### Raw data
-.-.-

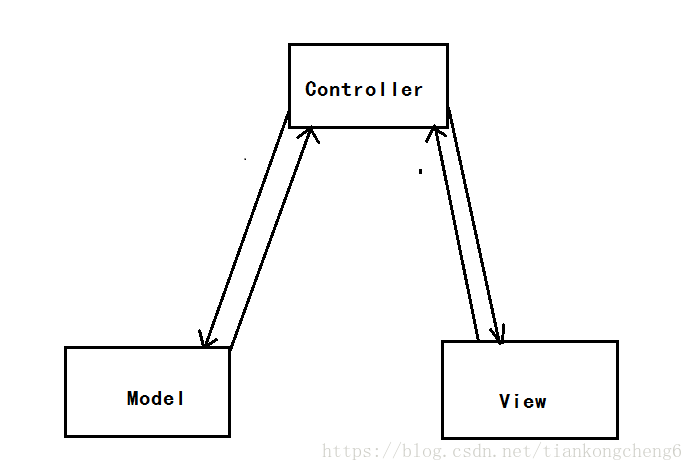 ModeMVC:在activity中堆代码就叫做MVC吗？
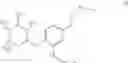 Fig. 18 - BETA-GLUCURONIDE-LINKER DRUG CONJUGATES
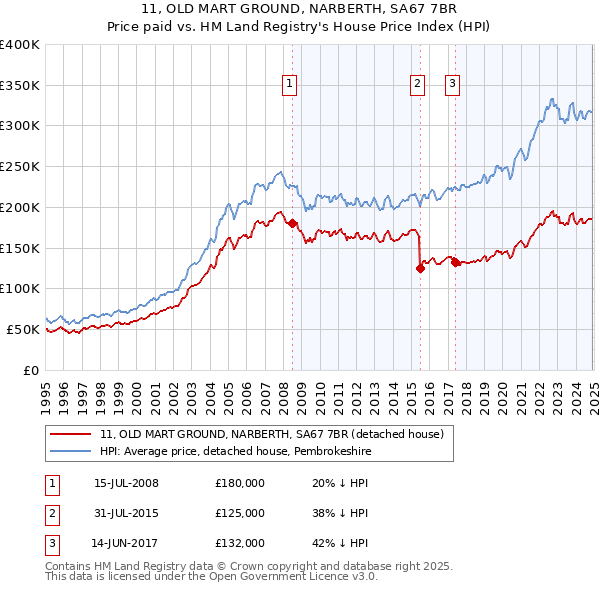 11, OLD MART GROUND, NARBERTH, SA67 7BR: Price paid vs HM Land Registry's House Price Index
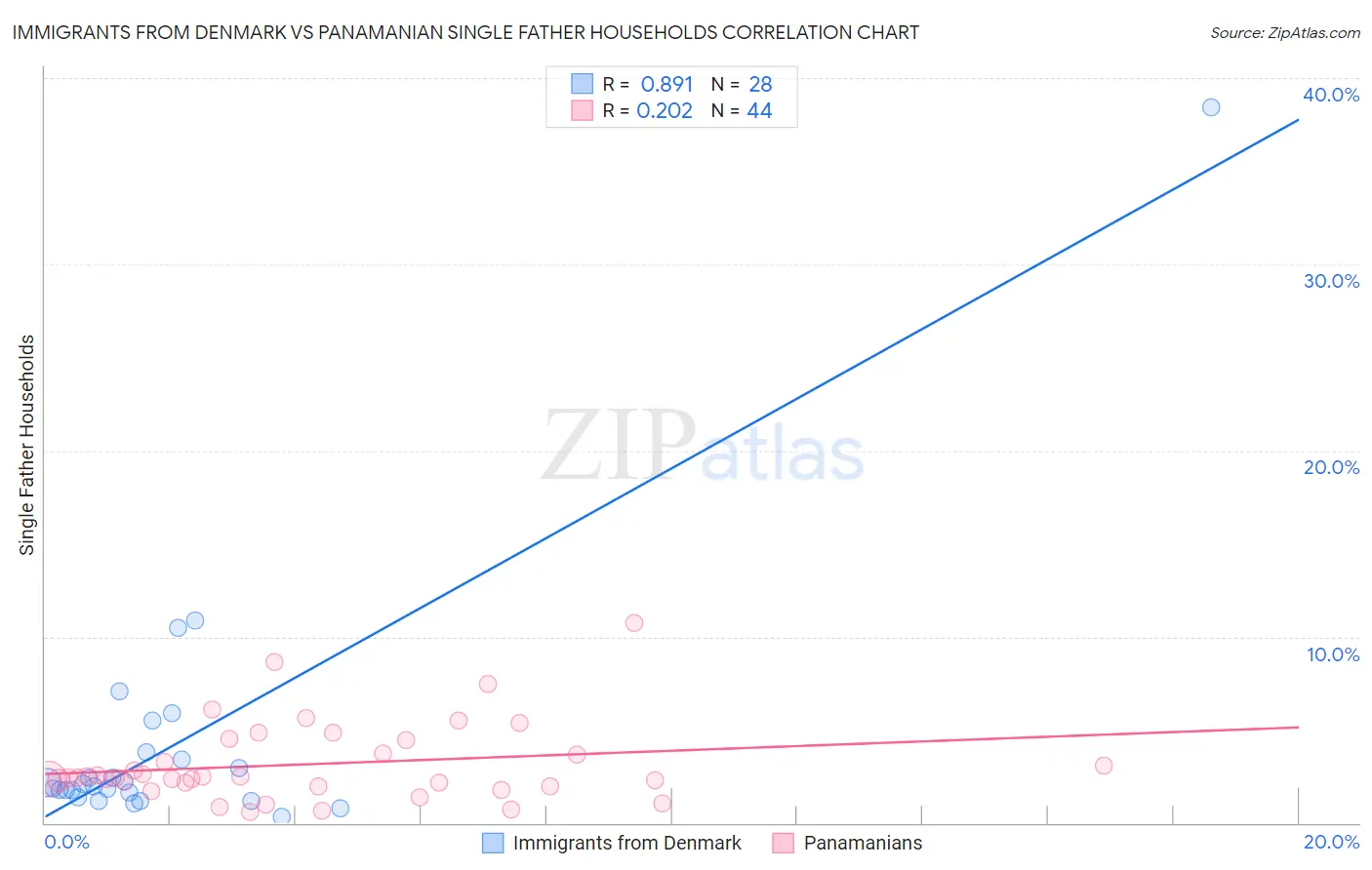 Immigrants from Denmark vs Panamanian Single Father Households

-.-.-

### Instructions to follow
Leaving every picture aside, transcribe exactly the lines from the one that contains "Fig. 18 - BETA-GLUCURONIDE-LINKER" through the final line of the listing above, inclusive.

### Task answer
 Fig. 18 - BETA-GLUCURONIDE-LINKER DRUG CONJUGATES
 11, OLD MART GROUND, NARBERTH, SA67 7BR: Price paid vs HM Land Registry's House Price Index
 Immigrants from Denmark vs Panamanian Single Father Households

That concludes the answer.